My parents had moved back to Texas. On the way to fame and fortune, I dropped in to thank them for having raised me and to tell them so long. It was a rather uncomfortable proposition. I honestly considered that I might not ever see them again. They were loving parents who certainly did not approve of my life style. They were proud of my accomplishments, but they did not know the entire story. My brother shook his head in disgust. I was indignant. What did he know anyway?

We took off, our marriage refreshed, going to Portland, Oregon! I was to show them how to cook in the great Northwest!. We went camping and meandered around the southwest having fun. As fate would have it, I ran out of gas in Las Vegas.

We lived in a tent at a campsite for five bucks a night. Drinks were cheap-most of the time, free! Somehow we saved enough cash to move into a motel for seventy-five dollars a week. I drank every day. I went to work for a restaurant in Las Vegas. The owner claimed his establishment to be the most prominent Italian Restaurant on the west coast. I figured that was a stretch considering we were in the desert! I cooked for the likes of Gladys Knight and the Pips, Bill Cosby, Sammy Davis, Jr., Steve Martin, and others in the entertainment industry.

One night, I picked her up at her telemarketing job and a argument ensued. On the way to the room, I decided that I wanted to go down to the bar. I knew she wouldn't approve, I had developed an affinity to gambling. As expected, she didn't want me to go. I acted incredulous and indignant. I had driven, but had I put the keys? "Where are the *&%$* keys?" I had rights to my own life, I was an adult, and anyway, I never hurt anyone but myself.

She was scared. She didn't want me to become violent. She didn't particularly want to be alone in Las Vegas either. I believe that she had loved me. I didn't know how or why, nor did she.

"They are in the car."

I searched the car. Through my drunken haze, I realized that she had lied to me. I grabbed the door knob to enter with a monstrous thunder. It was locked. I pulled and I pushed. I hollered. I huffed and I puffed... I took a step back and kicked. The door snapped off its hinges and imploded.

Out of nowhere, other residents, the pistol-wielding landlord, and the cops showed up. She refused to press charges, but the landlord demanded that I leave the premises. The police watched as I packed two bags. I left all of my kitchen tools. I was sure that I would get them later. I never saw them again. That was the last night I was to drive a car in over two years.

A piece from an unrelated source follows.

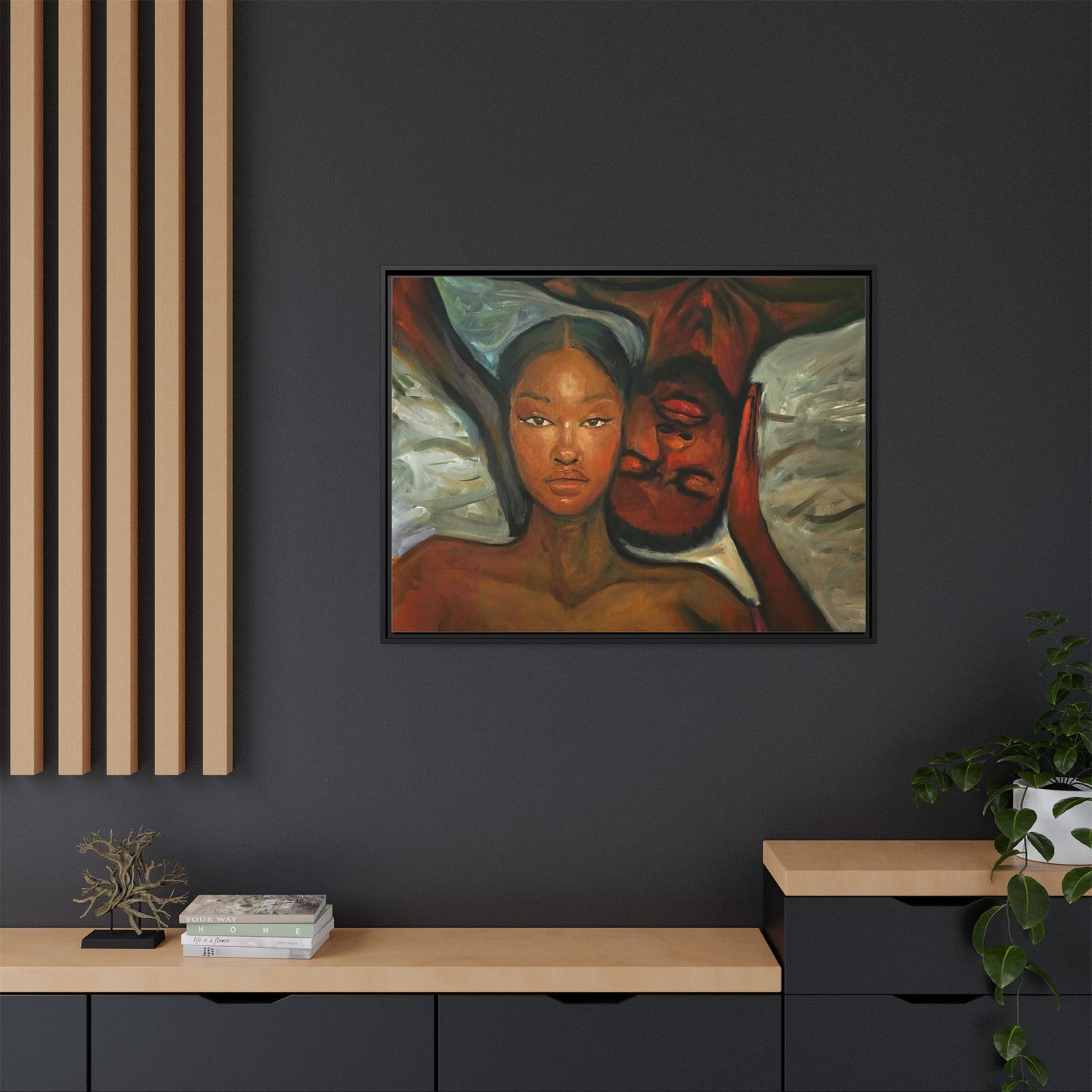 Canvas Print - Emotional Oil Painting of Couple in Bed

The next time I saw my first ex-wife she called me an "alcoholic" and signed the divorce papers.

"Dumb broad," I thought, "Good riddance!"

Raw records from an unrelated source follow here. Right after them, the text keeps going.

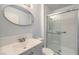 Small bathroom with shower and vanity at 3091 Liberty Cir, Las Vegas, NV 89121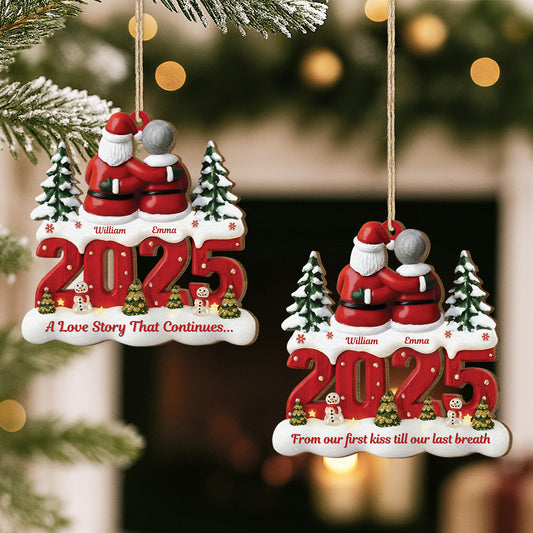 6455OUS2 custom 1 layered wooden xmas ornaments for couples a love story that continues 6455OTQTG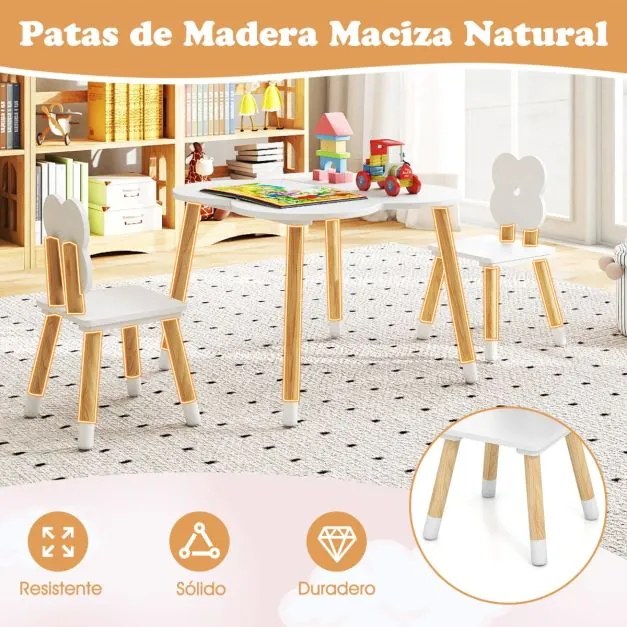 Conjunto de Mesa Flor com Jogo e Atividades em Madeira e 2 Cadeiras Infantis em Pinho Maciço para Crianças com mais de 3 anos Branco e Natural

A shell of a man and arrogant to boot: I knew I deserved better, I just knew it. Leaving Texas was surely the break I had needed. This time it really was different. Hadn't I proved that? Now, I was separated, but you know, that may be the break I need as well. I'll show them. She was the problem --it's all her fault.

The night we separated was an interesting array of self-centered emotions. I walked across the street to another motel and paid for a week of rent. I went to the bar. I was at a turning point and I knew it. I tried calling a friend on the other side of town, with whom I had partied while we were at the camp sight. He wasn't interested in a conversation. I bought a bottle and went back up to the room. From the Navy , I had phone numbers. I had family in Texas. I had friends in Indiana. I called and I called. It didn't matter to me that it was three o'clock in the morning. If there faint ringing was interrupted by a sleepy, "Hello," invariably, they acknowledged me and either hung up or asked me to call back in the morning.

Nobody in the world cared.

I went back down to the bar. I watched T.V.. A 1-800 number flashed and I decided to use the pay phone to call.

"Seven-hundred Club!"

"I need somebody to talk to."

"Sir, we will pray with you. There are no counselor's available at this time of night. Do you want to pray?'

"What?"

"You have called the Seven-hundred Club's prayer line. Let's pray,... Dear God, We ask that-" Click.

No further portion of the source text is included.